Deliberate fraud costs companies an estimated 5% – 6% of revenues each year. And small businesses are often victims of such unethical behavior—particularly during lean times where employees serve in multiple roles and a smaller staff means less oversight. According to Joseph W. Koletar, a former FBI agent who now serves as a private sector fraud investigator, there are simple steps a small business owner can take to reduce his or her likelihood of falling victim to an employee looking to defraud the company.
Koletar, author of Rethinking Risk: How Companies Sabotage Themselves and What They Must do Differently (AMACOM, $29.95), points out that most perpetrators of corporate fraud do so not out of necessity but greed. He says the typical fraud perpetrator is between 45 and 55 years old, more than 90% of them have no criminal record, and 65% have college degrees. Another interesting factoid: Most have been with their company 10 to 15 years. “They’re not career criminals,” he says. “They’re your average, middle-class people who live in nice suburbs, love their kids and coach soccer.”
So what’s a small businesses owner to do? Here are a few things Koletar says entrepreneurs should be aware of:
Resources are available. Among them is the Association of Certified Fraud Examiners. Founded by a former FBI agent in 1989, the ACFE offers training, certification, conferences, and they publish a number of books geared toward small businesses. Another resource is the National White Collar Crime Center, which provides training, investigative support and research to agencies and entities involved in the prevention, investigation and prosecution of economic and high-tech crime.
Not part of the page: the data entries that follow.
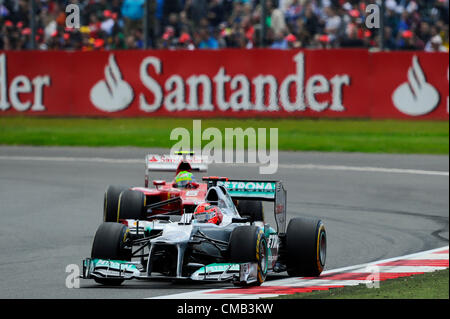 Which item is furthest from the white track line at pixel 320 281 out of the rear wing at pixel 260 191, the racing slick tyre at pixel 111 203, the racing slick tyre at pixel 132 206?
the racing slick tyre at pixel 111 203

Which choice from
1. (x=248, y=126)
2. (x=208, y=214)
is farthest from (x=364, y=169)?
(x=208, y=214)

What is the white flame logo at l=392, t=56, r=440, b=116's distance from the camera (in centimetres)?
2327

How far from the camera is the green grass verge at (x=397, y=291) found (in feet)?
27.8

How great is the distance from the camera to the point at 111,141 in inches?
908

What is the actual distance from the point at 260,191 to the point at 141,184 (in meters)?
6.80

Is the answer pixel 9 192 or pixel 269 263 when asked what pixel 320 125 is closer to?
pixel 9 192

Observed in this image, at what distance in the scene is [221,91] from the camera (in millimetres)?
23859

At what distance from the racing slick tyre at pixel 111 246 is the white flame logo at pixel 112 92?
1530cm

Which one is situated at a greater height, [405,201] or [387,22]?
[387,22]

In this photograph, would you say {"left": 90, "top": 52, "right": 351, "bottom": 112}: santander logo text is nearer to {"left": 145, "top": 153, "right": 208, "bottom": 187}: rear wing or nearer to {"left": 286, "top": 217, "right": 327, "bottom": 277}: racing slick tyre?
{"left": 145, "top": 153, "right": 208, "bottom": 187}: rear wing

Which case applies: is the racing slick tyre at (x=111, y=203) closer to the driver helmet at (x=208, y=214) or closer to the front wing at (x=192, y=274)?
the driver helmet at (x=208, y=214)

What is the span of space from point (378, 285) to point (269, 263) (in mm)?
966

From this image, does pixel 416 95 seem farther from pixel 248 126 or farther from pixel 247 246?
pixel 247 246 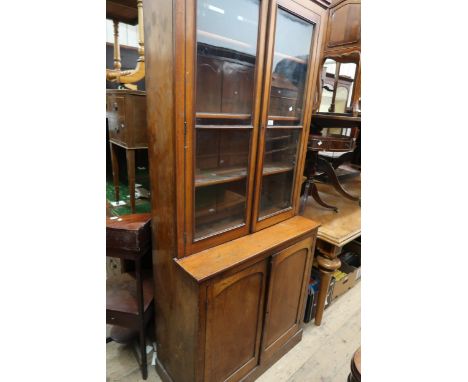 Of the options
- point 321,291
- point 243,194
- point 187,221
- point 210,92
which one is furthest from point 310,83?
point 321,291

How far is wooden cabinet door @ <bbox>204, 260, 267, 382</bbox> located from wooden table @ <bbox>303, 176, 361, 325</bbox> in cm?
62

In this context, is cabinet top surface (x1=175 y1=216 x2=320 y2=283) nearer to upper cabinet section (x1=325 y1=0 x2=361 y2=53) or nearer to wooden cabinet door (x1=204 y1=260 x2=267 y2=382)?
wooden cabinet door (x1=204 y1=260 x2=267 y2=382)

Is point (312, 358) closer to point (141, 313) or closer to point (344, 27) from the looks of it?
point (141, 313)

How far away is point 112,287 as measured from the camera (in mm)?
1511

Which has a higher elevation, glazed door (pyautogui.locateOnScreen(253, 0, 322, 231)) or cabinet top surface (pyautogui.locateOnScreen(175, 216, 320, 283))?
glazed door (pyautogui.locateOnScreen(253, 0, 322, 231))

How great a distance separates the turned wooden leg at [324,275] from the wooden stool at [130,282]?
3.54ft

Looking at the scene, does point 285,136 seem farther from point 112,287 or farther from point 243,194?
point 112,287

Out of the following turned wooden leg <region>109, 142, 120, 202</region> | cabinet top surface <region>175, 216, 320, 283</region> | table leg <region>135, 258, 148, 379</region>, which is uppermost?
turned wooden leg <region>109, 142, 120, 202</region>

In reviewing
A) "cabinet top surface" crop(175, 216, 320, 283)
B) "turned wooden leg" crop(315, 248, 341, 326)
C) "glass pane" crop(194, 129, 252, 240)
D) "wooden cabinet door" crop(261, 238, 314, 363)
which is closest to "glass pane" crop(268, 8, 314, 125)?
"glass pane" crop(194, 129, 252, 240)

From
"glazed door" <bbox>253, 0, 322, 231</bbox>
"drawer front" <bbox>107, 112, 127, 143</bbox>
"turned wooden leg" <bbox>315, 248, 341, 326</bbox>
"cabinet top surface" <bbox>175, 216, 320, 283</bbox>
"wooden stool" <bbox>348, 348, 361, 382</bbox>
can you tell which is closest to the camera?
"wooden stool" <bbox>348, 348, 361, 382</bbox>

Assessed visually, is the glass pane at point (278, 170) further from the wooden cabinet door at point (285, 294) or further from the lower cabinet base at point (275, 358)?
the lower cabinet base at point (275, 358)

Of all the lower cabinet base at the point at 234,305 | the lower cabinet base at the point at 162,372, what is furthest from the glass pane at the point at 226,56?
the lower cabinet base at the point at 162,372

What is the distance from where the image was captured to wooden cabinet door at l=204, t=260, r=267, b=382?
1.11 metres

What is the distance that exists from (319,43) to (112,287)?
1.68 metres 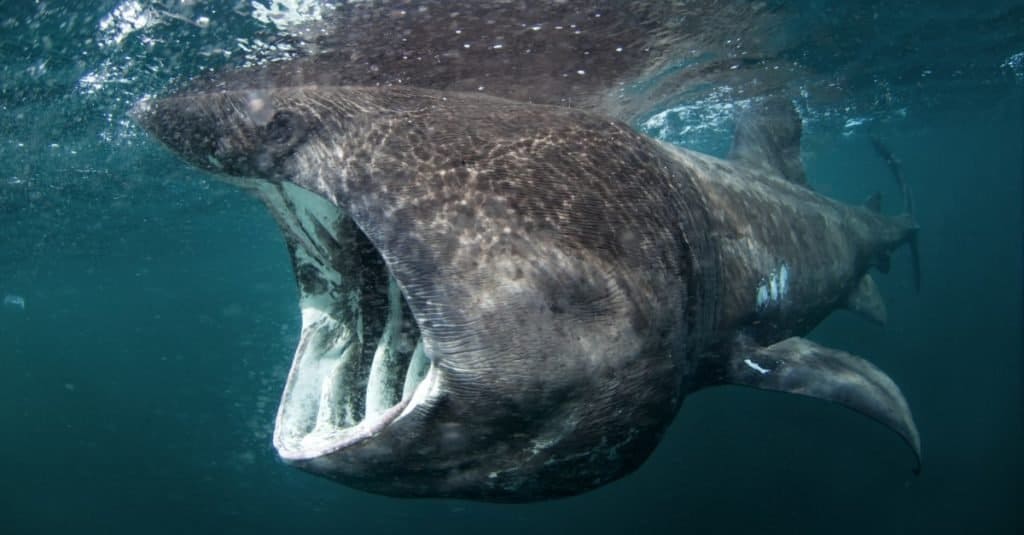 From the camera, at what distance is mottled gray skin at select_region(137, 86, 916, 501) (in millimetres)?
2180

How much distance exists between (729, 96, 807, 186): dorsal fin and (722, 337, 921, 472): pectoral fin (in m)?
4.10

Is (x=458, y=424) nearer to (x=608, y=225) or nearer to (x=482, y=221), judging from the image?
(x=482, y=221)

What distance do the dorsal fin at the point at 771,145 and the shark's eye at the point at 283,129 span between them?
6.56 m

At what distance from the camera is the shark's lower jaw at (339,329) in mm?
2822

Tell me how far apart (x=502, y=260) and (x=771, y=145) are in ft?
25.4

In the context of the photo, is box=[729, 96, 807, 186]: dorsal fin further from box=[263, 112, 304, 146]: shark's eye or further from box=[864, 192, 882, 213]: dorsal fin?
box=[263, 112, 304, 146]: shark's eye

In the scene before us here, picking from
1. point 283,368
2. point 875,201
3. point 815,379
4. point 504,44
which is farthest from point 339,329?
point 283,368

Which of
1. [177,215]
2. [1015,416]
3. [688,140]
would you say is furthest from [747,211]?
[1015,416]

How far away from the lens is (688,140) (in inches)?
896

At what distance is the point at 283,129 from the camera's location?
2625 mm

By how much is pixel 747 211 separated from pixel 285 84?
5.79 m

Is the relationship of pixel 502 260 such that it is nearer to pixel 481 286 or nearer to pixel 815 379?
pixel 481 286

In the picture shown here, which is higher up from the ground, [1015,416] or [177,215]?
[177,215]

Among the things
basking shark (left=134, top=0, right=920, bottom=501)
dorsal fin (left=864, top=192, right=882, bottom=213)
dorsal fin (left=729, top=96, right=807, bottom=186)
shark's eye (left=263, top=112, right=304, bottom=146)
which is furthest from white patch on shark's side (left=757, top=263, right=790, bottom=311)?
dorsal fin (left=864, top=192, right=882, bottom=213) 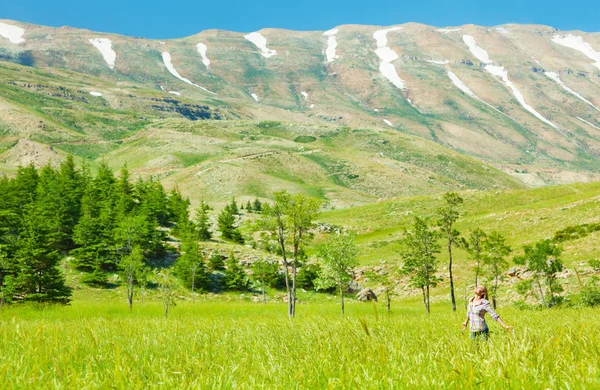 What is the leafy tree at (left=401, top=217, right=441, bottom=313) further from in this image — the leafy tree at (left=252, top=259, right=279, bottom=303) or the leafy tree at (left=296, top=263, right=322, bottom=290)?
the leafy tree at (left=296, top=263, right=322, bottom=290)

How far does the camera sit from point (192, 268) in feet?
175

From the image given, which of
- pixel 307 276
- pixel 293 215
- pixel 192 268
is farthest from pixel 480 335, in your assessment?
pixel 307 276

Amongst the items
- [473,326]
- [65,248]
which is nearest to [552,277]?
[473,326]

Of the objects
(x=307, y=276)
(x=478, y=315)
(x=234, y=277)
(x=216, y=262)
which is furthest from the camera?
(x=307, y=276)

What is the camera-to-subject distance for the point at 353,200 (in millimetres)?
179375

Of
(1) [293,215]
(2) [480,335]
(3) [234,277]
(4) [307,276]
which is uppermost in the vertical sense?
(1) [293,215]

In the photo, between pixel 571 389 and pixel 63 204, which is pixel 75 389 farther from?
pixel 63 204

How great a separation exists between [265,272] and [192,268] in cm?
979

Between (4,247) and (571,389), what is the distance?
5200cm

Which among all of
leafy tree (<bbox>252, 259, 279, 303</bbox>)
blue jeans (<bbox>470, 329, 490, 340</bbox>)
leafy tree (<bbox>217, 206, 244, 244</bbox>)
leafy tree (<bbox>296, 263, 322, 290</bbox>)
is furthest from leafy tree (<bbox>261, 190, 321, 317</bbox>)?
leafy tree (<bbox>217, 206, 244, 244</bbox>)

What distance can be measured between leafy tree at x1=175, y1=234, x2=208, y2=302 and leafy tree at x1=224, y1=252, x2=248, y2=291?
3.11m

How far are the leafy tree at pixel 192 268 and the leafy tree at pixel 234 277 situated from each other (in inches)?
122

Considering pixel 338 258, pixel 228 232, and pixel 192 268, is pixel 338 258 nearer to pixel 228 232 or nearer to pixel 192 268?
pixel 192 268

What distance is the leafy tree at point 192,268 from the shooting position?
176 ft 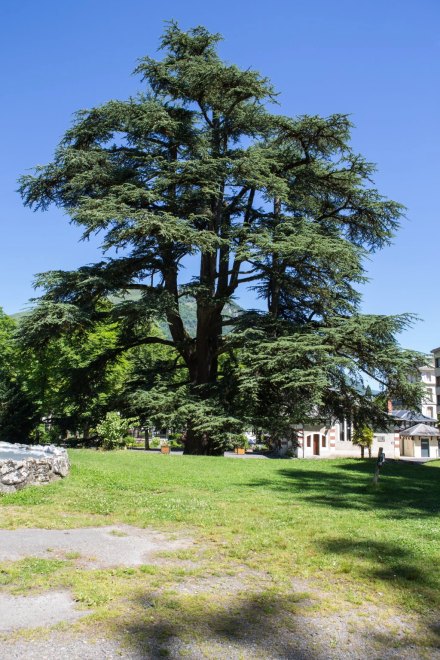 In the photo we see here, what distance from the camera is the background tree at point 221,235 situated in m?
19.3

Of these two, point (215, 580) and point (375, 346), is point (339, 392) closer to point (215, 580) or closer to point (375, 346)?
point (375, 346)

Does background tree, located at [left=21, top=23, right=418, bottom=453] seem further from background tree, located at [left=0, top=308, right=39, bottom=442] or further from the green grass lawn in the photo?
background tree, located at [left=0, top=308, right=39, bottom=442]

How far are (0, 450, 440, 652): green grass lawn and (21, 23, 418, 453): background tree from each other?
543cm

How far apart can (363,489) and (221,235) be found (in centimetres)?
1265

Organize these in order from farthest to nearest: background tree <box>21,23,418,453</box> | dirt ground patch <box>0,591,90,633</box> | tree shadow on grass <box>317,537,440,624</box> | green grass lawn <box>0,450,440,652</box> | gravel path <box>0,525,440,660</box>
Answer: background tree <box>21,23,418,453</box> → green grass lawn <box>0,450,440,652</box> → tree shadow on grass <box>317,537,440,624</box> → dirt ground patch <box>0,591,90,633</box> → gravel path <box>0,525,440,660</box>

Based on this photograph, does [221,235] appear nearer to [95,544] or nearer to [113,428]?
[113,428]

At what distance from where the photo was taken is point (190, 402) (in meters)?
20.1

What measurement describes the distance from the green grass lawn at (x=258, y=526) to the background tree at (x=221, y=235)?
214 inches

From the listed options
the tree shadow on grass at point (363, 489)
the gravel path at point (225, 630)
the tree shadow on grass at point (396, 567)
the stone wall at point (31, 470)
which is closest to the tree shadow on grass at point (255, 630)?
the gravel path at point (225, 630)

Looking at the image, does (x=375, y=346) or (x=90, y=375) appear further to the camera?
(x=90, y=375)

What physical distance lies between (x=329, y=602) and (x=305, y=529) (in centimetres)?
265

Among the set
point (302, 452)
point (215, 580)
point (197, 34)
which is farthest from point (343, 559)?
point (302, 452)

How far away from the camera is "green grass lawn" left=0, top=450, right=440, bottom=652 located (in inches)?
207

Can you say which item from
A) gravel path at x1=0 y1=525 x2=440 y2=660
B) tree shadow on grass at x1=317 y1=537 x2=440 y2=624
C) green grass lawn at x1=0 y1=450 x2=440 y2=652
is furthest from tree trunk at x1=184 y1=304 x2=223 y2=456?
gravel path at x1=0 y1=525 x2=440 y2=660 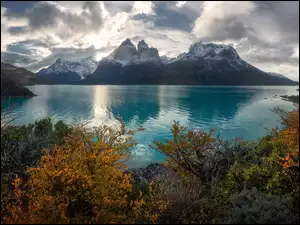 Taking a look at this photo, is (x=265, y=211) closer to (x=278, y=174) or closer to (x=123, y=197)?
(x=278, y=174)

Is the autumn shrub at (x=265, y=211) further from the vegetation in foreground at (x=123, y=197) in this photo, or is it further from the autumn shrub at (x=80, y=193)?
the autumn shrub at (x=80, y=193)

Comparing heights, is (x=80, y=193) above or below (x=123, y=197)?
above

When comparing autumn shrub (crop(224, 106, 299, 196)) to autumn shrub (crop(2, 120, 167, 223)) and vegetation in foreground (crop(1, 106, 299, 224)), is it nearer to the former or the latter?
vegetation in foreground (crop(1, 106, 299, 224))

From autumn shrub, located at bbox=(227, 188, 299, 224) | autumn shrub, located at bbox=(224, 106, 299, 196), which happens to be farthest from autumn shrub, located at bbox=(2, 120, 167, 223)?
autumn shrub, located at bbox=(224, 106, 299, 196)

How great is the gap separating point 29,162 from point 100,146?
5.06 meters

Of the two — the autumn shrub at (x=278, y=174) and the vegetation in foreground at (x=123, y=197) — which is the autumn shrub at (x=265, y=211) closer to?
the vegetation in foreground at (x=123, y=197)

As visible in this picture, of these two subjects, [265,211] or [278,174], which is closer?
[265,211]

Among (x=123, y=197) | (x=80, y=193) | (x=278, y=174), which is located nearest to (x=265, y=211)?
(x=278, y=174)

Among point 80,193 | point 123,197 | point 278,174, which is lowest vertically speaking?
point 123,197

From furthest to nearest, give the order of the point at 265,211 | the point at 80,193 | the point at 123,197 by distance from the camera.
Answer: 1. the point at 123,197
2. the point at 80,193
3. the point at 265,211

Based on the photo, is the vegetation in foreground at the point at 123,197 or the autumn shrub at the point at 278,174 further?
the autumn shrub at the point at 278,174

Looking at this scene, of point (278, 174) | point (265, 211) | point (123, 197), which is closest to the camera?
point (265, 211)

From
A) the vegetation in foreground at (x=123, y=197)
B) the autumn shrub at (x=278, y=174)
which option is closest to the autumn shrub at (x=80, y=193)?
the vegetation in foreground at (x=123, y=197)

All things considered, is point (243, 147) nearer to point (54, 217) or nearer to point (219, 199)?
point (219, 199) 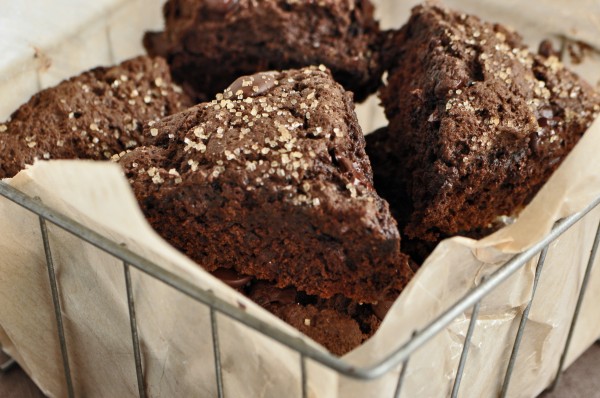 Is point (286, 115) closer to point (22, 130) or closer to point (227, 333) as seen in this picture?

Know the division of responsibilities. If an employee or group of employees has access to a company’s finances, make sure that there’s always a good degree of oversight over them. Koletar says there was a case where an employee added a fictitious staffer to the company’s payroll, maxed out that imaginary person’s deductibles, and collected a refund from the IRS!
View bank statements. Each month, have your company bank statement sent to your house, not your office. “That way you can look at it and say ‘Gee, we sent a check out on July 22 and I never heard of this company,’” says Koletar. “If one person is in charge of everything, they can play games.”
Use the exit interview. “The exit interview is normally very perfunctory—hand in your employee card, sign some paper work, and walk out the door,” Koletar says. But employers should take the opportunity to ask the departing employee some basic questions about his or her colleagues, such as whether they noticed any disturbing behavior about their co-workers, recommends Koletar. “You might not get anything, but you may learn that Bob in accounting has a gambling problem and may be playing games with company money.”